Андрей блаженно потягивался на своем неудобном ложе, радовался тому, какой сухой и теплый выдался май в Крыму. Потом спускался вниз, к морю, чтобы совершить утреннее омовение, завтракал куском сыра или лепешкой, а различные мысли одаривали его своим посещением. Разумеется, он помнил о том, что ждет Лиду, и ходил к заветному платану. Как-то его посетила мысль, что Лида появится только осенью. Может быть, самому проплыть еще полгода?
И тут же Андрей отмахнулся от таких мыслей. Это значит – пропустить целый сезон раскопок! Осенью особо не поработаешь. Нет уж, лучше мы подождем Лидочку с пользой для дела.

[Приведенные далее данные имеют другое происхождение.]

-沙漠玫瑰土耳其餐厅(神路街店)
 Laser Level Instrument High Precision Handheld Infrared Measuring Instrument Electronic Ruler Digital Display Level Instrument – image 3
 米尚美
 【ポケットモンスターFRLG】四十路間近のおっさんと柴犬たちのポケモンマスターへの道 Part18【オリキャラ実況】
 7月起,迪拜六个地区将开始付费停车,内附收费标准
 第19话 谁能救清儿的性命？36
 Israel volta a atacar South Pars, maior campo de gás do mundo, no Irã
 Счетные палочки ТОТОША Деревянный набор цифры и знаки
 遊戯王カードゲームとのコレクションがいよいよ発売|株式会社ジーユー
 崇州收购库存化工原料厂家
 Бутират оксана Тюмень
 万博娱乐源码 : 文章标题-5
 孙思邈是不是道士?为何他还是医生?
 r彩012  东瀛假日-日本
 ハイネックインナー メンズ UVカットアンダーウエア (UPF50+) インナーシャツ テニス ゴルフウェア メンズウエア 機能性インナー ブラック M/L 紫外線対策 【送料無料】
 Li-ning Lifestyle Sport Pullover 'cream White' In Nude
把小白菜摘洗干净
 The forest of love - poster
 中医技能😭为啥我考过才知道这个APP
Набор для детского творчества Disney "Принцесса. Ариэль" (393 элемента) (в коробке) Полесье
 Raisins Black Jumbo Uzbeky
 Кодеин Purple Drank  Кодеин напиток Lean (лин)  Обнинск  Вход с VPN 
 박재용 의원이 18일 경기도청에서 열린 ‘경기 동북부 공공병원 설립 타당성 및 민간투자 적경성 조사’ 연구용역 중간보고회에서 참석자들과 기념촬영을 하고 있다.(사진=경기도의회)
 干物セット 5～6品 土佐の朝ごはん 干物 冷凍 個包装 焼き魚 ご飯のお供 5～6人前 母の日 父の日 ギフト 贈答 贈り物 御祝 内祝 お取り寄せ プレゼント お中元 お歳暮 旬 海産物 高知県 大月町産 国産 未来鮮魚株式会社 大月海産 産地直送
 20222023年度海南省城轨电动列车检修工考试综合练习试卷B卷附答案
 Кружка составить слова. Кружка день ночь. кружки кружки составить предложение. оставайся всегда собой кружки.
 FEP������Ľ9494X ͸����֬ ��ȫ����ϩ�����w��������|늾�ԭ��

Андрей не был по-настоящему профессиональным археологом – впрочем, много ли их было тогда в России, да и во всем мире? Кое-чего он насмотрелся в экспедиции и узнал на семинарах профессора Авдеева. Так что он принял некоторые меры для того, чтобы его раскопки не показались коллегам варварскими. Для этого он на куске картона изобразил план своей часовни в масштабе 1:10. Затем Андрей разделил его на квадраты и начал планомерно снимать слои земли. Правда, практически сделать этого он не сумел, потому что в западном углу часовни находок встречалось много, а у противоположной стенки – ничего, ровным счетом ничего. Будь у Андрея хоть один рабочий, он бы приказал ему выгрести землю из пустого угла ради того, чтобы опускаться в прошлое последовательно, но рабочего не было, а самому копать впустую плотный грунт не хотелось.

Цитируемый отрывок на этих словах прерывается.